Redistribution and use in source and binary forms, with or without modification, are permitted provided that the following conditions are met:
Redistributions of source code must retain the above copyright notice, this list of conditions and the following disclaimer.
Redistributions in binary form must reproduce the above copyright notice, this list of conditions and the following disclaimer in the documentation and/or other materials provided with the distribution.
Neither the name of the TARDIS-SN nor the names of its contributors may be used to endorse or promote products derived from this software without specific prior written permission.
THIS SOFTWARE IS PROVIDED BY THE COPYRIGHT HOLDERS AND CONTRIBUTORS “AS IS” AND ANY EXPRESS OR IMPLIED WARRANTIES, INCLUDING, BUT NOT LIMITED TO, THE IMPLIED WARRANTIES OF MERCHANTABILITY AND FITNESS FOR A PARTICULAR PURPOSE ARE DISCLAIMED. IN NO EVENT SHALL THE COPYRIGHT HOLDER OR CONTRIBUTORS BE LIABLE FOR ANY DIRECT, INDIRECT, INCIDENTAL, SPECIAL, EXEMPLARY, OR CONSEQUENTIAL DAMAGES (INCLUDING, BUT NOT LIMITED TO, PROCUREMENT OF SUBSTITUTE GOODS OR SERVICES; LOSS OF USE, DATA, OR PROFITS; OR BUSINESS INTERRUPTION) HOWEVER CAUSED AND ON ANY THEORY OF LIABILITY, WHETHER IN CONTRACT, STRICT LIABILITY, OR TORT (INCLUDING NEGLIGENCE OR OTHERWISE) ARISING IN ANY WAY OUT OF THE USE OF THIS SOFTWARE, EVEN IF ADVISED OF THE POSSIBILITY OF SUCH DAMAGE.
The code is built on a few principles:
- open - the code is fully open source and we invite usage and contributions from the community
- modular - the code has different microphysics modules and can be easily extended
- fast - the code is geared towards rapid spectral synthesis to fit supernovae and other transients
- easy - the code is designed to be easily installed and run as well as a detailed documentation
We encourage you to subscribe to tardis-sn-user to ask questions about TARDIS.
If you use this code for any publications or presentations please acknowledge it accordingly.

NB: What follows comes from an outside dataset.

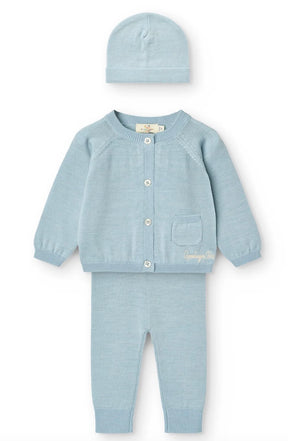 Sett Classic Merino Dusty Blue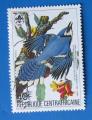 Centrafricaine 1985 - Oiseau Geai Bleu (Obl)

For this first version please mention the website and cite Kerzendorf & Sim 2014.
User modifications and additions that lead to publications need to be handed back to the community by incorporating them into this publicly available version of TARDIS.
The current stable version of TARDIS is 0.9.2 and can be downloaded here, further installation instructions are available here Installation.
A file containing an example configuration file and an atomic database can be found in the section Running TARDIS
If you’re interested in contributing to the code, either contact us or you can contribute directly via github. We are using Astropy’s excellent workflow - more details can be found at http://astropy.readthedocs.org/en/latest/development/workflow/maintainer_workflow.html.
Warning
Currently TARDIS only works on 64-bit python installations. We’re working on making it work on 32-bit python distributions.